**ASSIGNED TASK:**
Although the material holds pictures, none belong in the copy; transcribe exactly, and only, the lines from the one with "pis bolong/uang kepeng" through the end.

**DATA EXTRACT:**
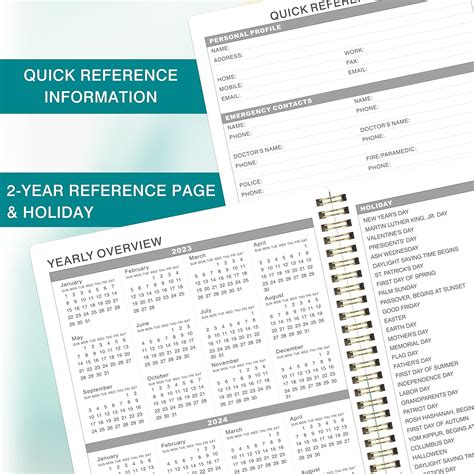 Buy 2023 Appointment Book - 2023 Daily Hourly Planner, 8 x 10, January ...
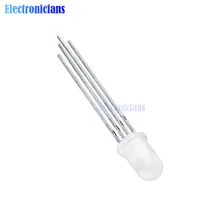 50 шт. красный зеленый синий рассеянный 5 мм 4pin RGB общий светодиодный катод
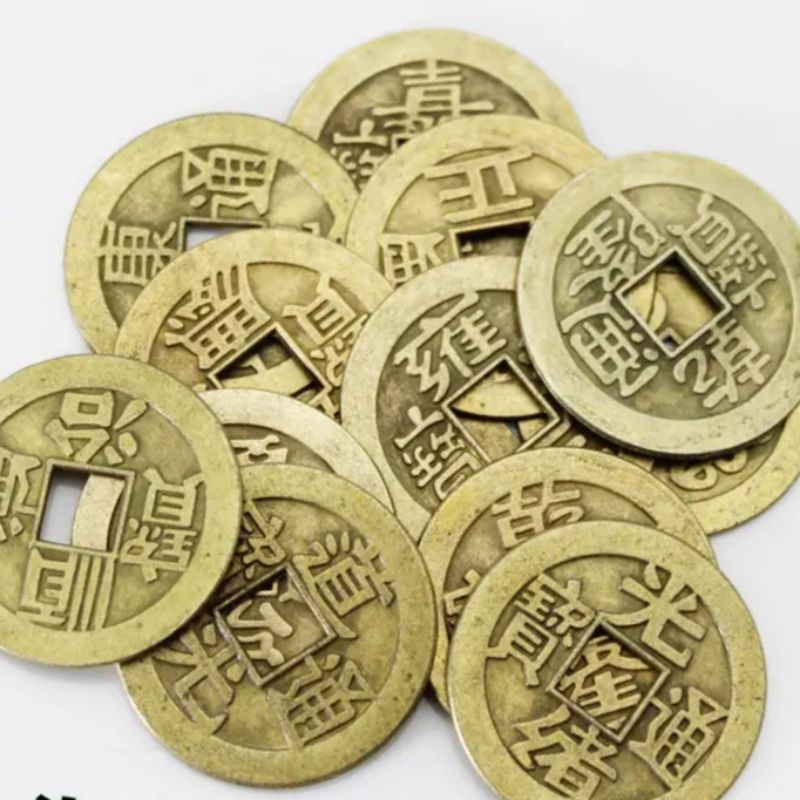 pis bolong/uang kepeng asli cina di jual per 20 ,brgnya tipis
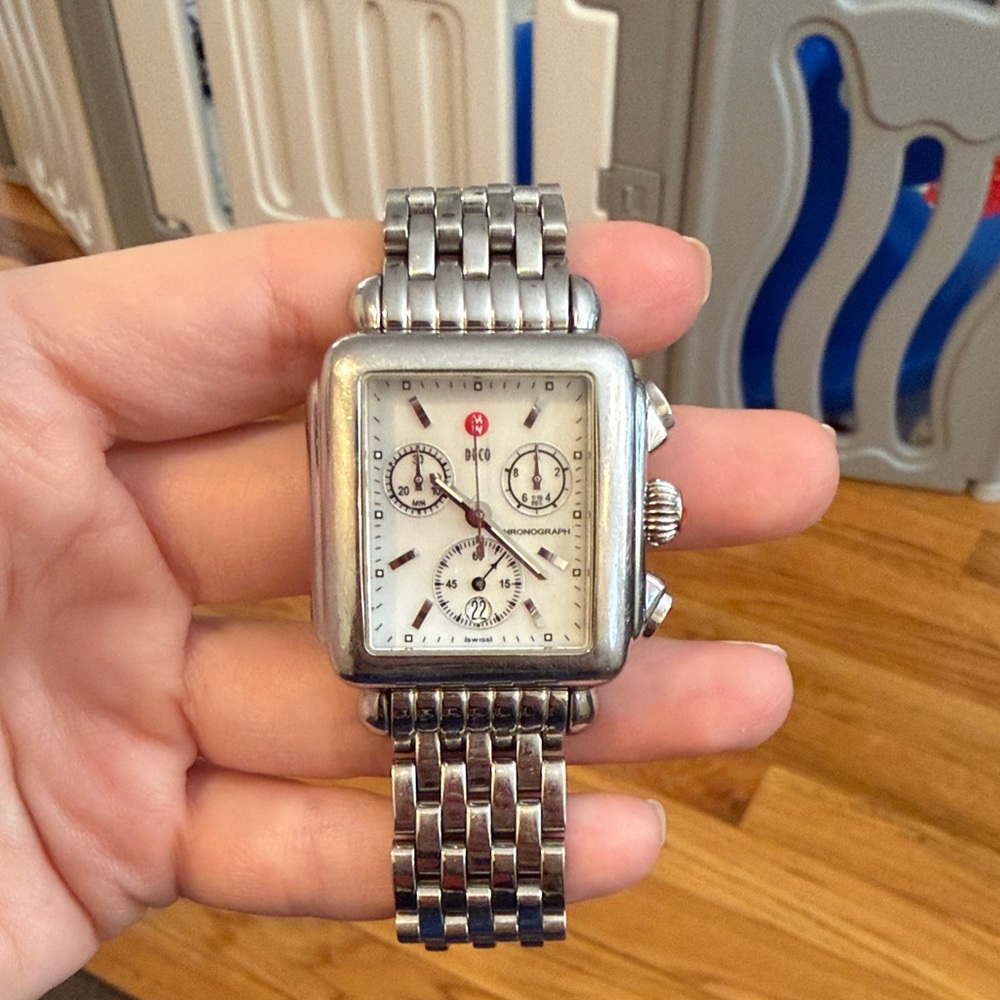 Michele deco watch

**SOLUTION FOR THIS PROBLEM:**
 pis bolong/uang kepeng asli cina di jual per 20 ,brgnya tipis
 Michele deco watch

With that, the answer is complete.